YES. We must address the reality that our health care system is totally broken and that we remain the only wealthy nation on earth not to guarantee health care to all as a human right. Despite spending twice as much per capita on health care as any other country, 85 million are uninsured or under-insured and our life expectancy is significantly lower than most other countries.

YES. We must address the reality that not only is climate change real, it is an existential threat to our country and the world. This is a crisis that cannot be solved unilaterally. If we do not achieve an unprecedented level of international cooperation the planet we will be leaving our children and future generations will be increasingly unhealthy and uninhabitable.

YES. We must address the reality that while we now spend a trillion dollars a year on the military, our foreign policy for decades has been counterproductive to peace, democracy and economic development. No. We cannot continue to fund the right-wing extremist Netanyahu government which is starving children in Gaza.

In the remaining few hours of this campaign let us do everything we can to bring out the vote and elect Kamala Harris as our next president. Please. Get your friends, family and co-workers to the polls. In this extremely close election every vote really does count.

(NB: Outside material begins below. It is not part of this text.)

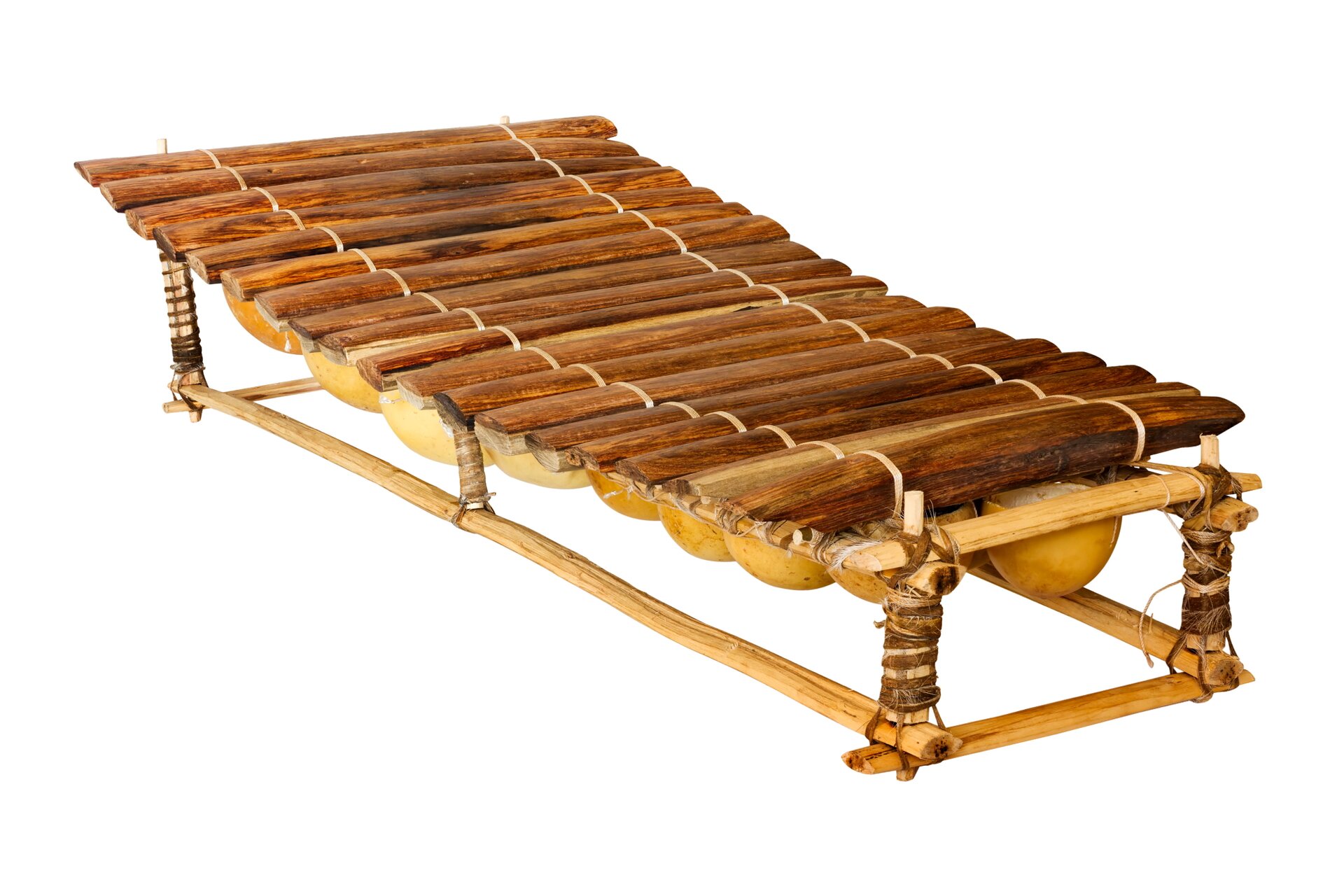 Fotografia przedstawia instrument muzyczny o drewnianej konstrukcji. Podstawa przypomina ławkę o cienkiej desce zamiast siedzenia, następnie z lewej strony obecne są dwa pionowe wystające elementy owinięte materiałem. Pomiędzy nimi umieszczono podłużnie brązowy przedmiot o podłużnym, owalnym kształcie. Następnie, na lewo od niego jest jeszcze osiem podobnych, coraz mniejszych przedmiotów. Ułożono na nich połączone rzemykiem cienkie deseczki, tworzące delikatny łuk.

And then, on the day after Kamala wins, let us accelerate our efforts to bring working families together to create an economy and government that works for all, not just the few. There’s a lot of work to be done. Let’s do it.

Thanks for your continuing support and all that you do.

In solidarity,

UPDATE 11/7

Dear Jack,

It should come as no great surprise that a Democratic Party which has abandoned working class people would find that the working class has abandoned them. First, it was the white working class, and now it is Latino and Black workers as well. While the Democratic leadership defends the status quo, the American people are angry and want change. And they’re right.

Today, while the very rich are doing phenomenally well, 60% of Americans live paycheck to paycheck and we have more income and wealth inequality than ever before. Unbelievably, real, inflation-accounted-for weekly wages for the average American worker are actually lower now than they were 50 years ago.

Today, despite an explosion in technology and worker productivity, many young people will have a worse standard of living than their parents. And many of them worry that Artificial Intelligence and robotics will make a bad situation even worse.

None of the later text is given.